まるでステアリングに神が降りてきたような走り

 まずはデザインチェックから。1シリーズと同型のプラットフォームを使うが、ボディパッケージはハッチバックではなく、大人が楽しめるセダンベースのカッコいい4ドアクーペだ。その原点はインプレッサやランエボではないかとBMWのエンジニアに問いただすが、さすがにこの2台は知らないらしい。それよりも、BMWは美しいクーペスタイルに4ドアセダンという機能を合体させたから、どうですか? と自信をのぞかせる。じつはドイツのデザイナーが重視する思想は「バウハウス」。これは「美は機能をフォローする」という意味で、セダンという機能と美を融合させたデザインと理解できる。

 こうしたセダン・クーペスタイルを、イケてる大人がほしいと思うのは私だけではないだろう。M3までの性能は要らないが、そこそこ早いセダンがほしいのだ。日本では「セダンはオワコン」と考えがちが、アメリカの若者はどうやら「セダン好き」になっているようだ。

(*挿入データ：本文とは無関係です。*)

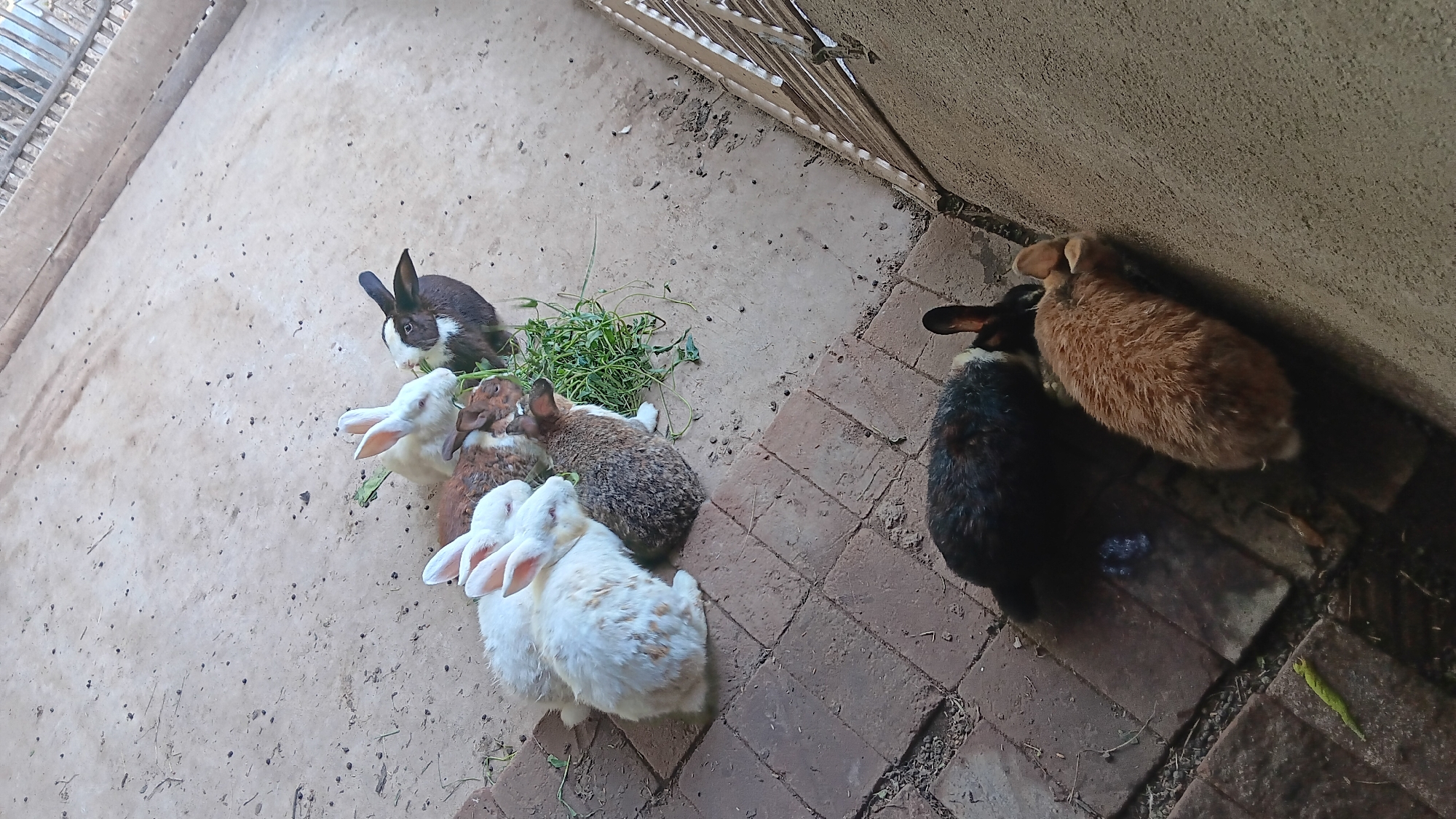 Eight rabbits are gathered on a rough concrete and brick ground. In the upper portion of the image, six rabbits are clustered together eating a pile of green vegetation. Among these, there are three white rabbits, one brown and white rabbit, and one dark brown and white rabbit. To the lower right, two more rabbits are present; one is dark brown and black with white markings, and the other is a light brown, fluffy rabbit. The scene appears to be an outdoor enclosure. This image was taken in Sonobekel, Indonesia.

 コクピットに乗り込み早速ドライブするが、太めのステアリングホイールをグリップするとBMWのMモデルだと気づく。BMWの工場に隣接するテストコースで200キロ近いスピードで走ることができたが、M235はFFベースのAWDで、エンジンは2リッターターボ。ギヤボックスはミニと同じツインクラッチの7速だ。だから小気味よくギヤチェンジが楽しめる。もちろんエンジンのレスポンスは文句ない。

 ハンドリングは秀逸だ。まるでステアリングに神が降りてきたような正確なライントーレスをもつ。BMWはアルファロメオと同じく、アンダーステアを嫌い、ステアリングに魂を込めている。70キロくらいで旋回するコーナーを攻めると、まるでゴーカートのような感覚だ。これはミニと同じだ。やや路面が濡れていたが、タイヤが滑りそうになると、「DSC」が的確にブレーキ制御を介入させ、クルマを安定させる。ブレーキも満足できる。踏力に対してビルドアップが高く、初期のブレーキGが瞬時に立ち上がる。グッと減速Gが立ち上がる。ペダルフィール、多少ストロークするので、一般道路でも使いやすい。

 公道では乗り心地中心に評価したが、ダンピングが利いたライドフィールは悪くない。ときおり、荒れた路面ではタイヤとサスペンションの硬さが気になったが、BMWネスを好むなら、十分に許容できるものだろう。

 高速道路ではないが、流れがよい公道ではADASを試すが、先代モデルよりもさらに進化し、とくにステアリングの車線トレース性は素晴らしかった。今、この領域の技術では、テスラとBMWが機能的に進んでいる。M235は2025年中に日本で市販されるが、セダンオワコンではないM235グランクーペの魅力を日本でも味わいたい。